Farmer sells dragon fruit to donate earnings to Japan flood victims
INQUIRER.net / 03:11 PM July 24, 2018
The heavy rains, merciless floods and mudslides that hit Japan recently took the lives of at least 200 people. Towns in western Japan were transformed into lakes after rivers overflowed, with many people left beached on rooftops awaiting military rescue.
As Japan recovers from its latest calamity, one farmer from Taiwan has made it his undertaking to raise funds for Japan’s flood victims. As per The Japan Times last Sunday, July 22, 65-year-old Lin Ting-tsai from Yilan County in Taiwan held a two-day dragon fruit sale over the weekend to power his fund drive.
Lin harvested a whopping 1,380 kilograms of dragon fruit from his farm and vowed to donate his earnings from the sale of the 900 kilograms of the fruit.

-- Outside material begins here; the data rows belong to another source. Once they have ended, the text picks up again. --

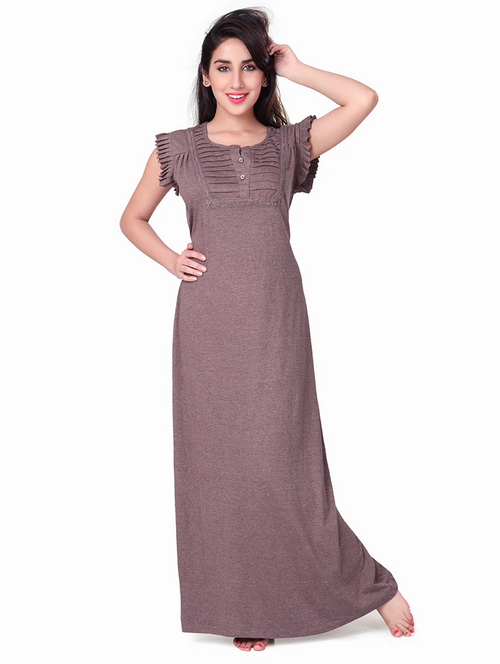 round neck Designing solid nighty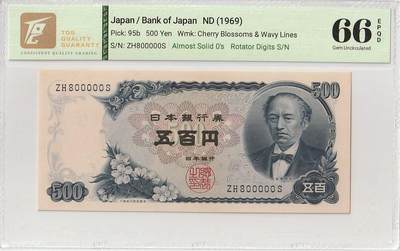2025八月第五期（总第190期） - 日本1969版500円TQG66epqd双冠倒置老虎号800000，岩仓具视和富士山
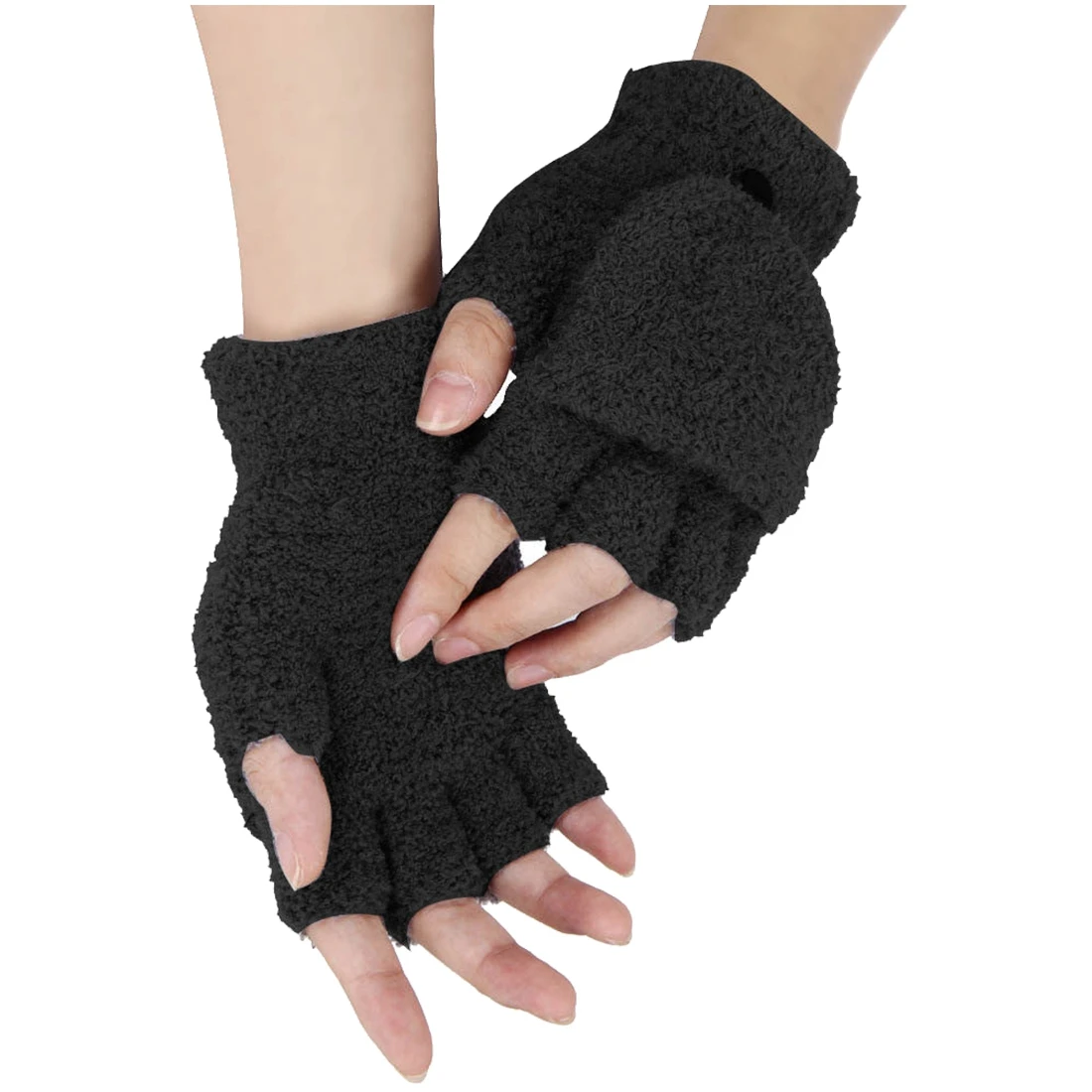 Girls Cute Fluffy Hand Wrist Warmer Soft Winter Fingerless Gloves Women Mitten Girls Cute Fluffy Hand Wrist Warmer Soft Winter Fingerless Gloves Women Mitten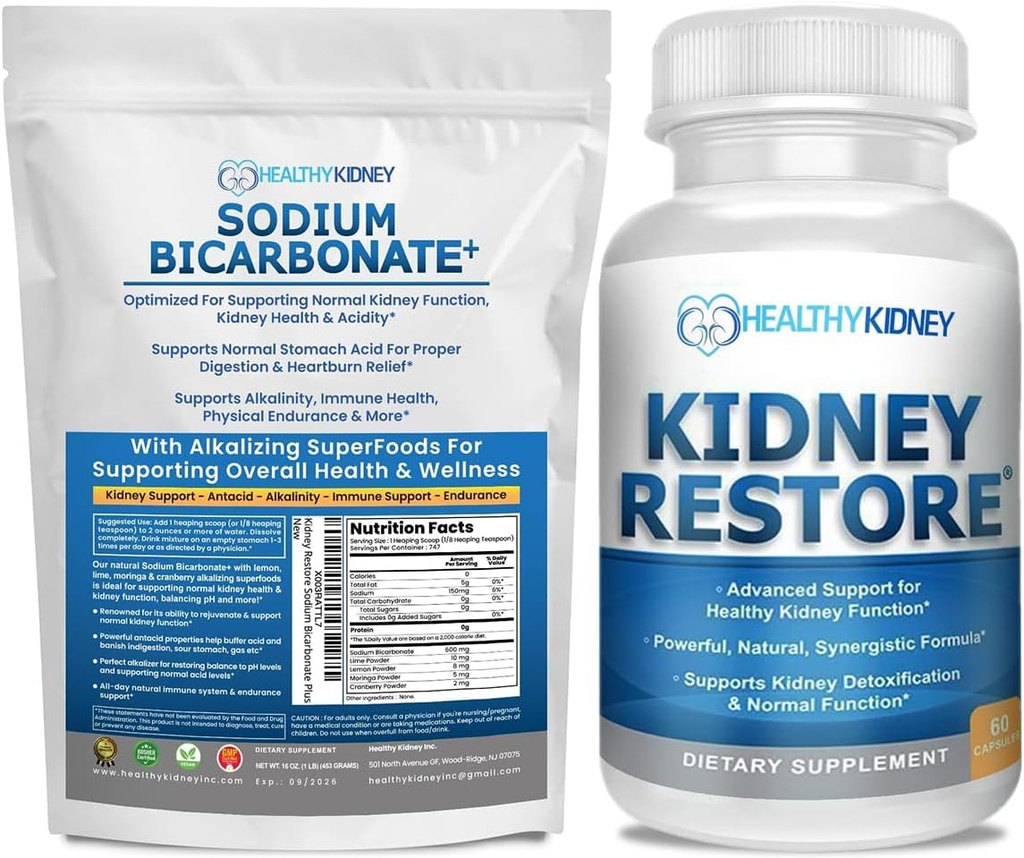 Kidney Restore Organic Sodium Bicarbonate Alkaline Supplement 1LB Cleanse 60 Caps Bundle – Supports Kidney Health, Neutralizes Stomach Acid, Alkaline Superfoods, Immune Support, Antacid & Vitamins f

This dragon fruit harvest is Lin’s first out of his four annual harvests. He estimated that his earnings could bring in around a ballpark figure of 100,000 to 120,000 Taiwan dollars (US$3,200 to US$3,900).
Many people were taken by Lin’s stall at the market, choosing to line up to sample ice candy, smoothies, and juice made of dragon fruit. Lin only started growing organic dragon fruit back in 2015, but his harvest has since earned third place in a quality contest this 2018.
It was Lin’s experience in losing his crops from a past typhoon that propelled him to help the flood victims of Japan. As a farmer whose crops are only as good as the elements allow him, Lin saw reason to be all the more giving in helping those helplessly in need.
Hu Jong-Im, chief of Taiwan’s Agriculture and Food Agency, was instrumental in Lin’s initiative as he facilitated the sale in Taipei. According to Hu, he decided to help Lin after an old friend of his told him of Lin’s good intentions.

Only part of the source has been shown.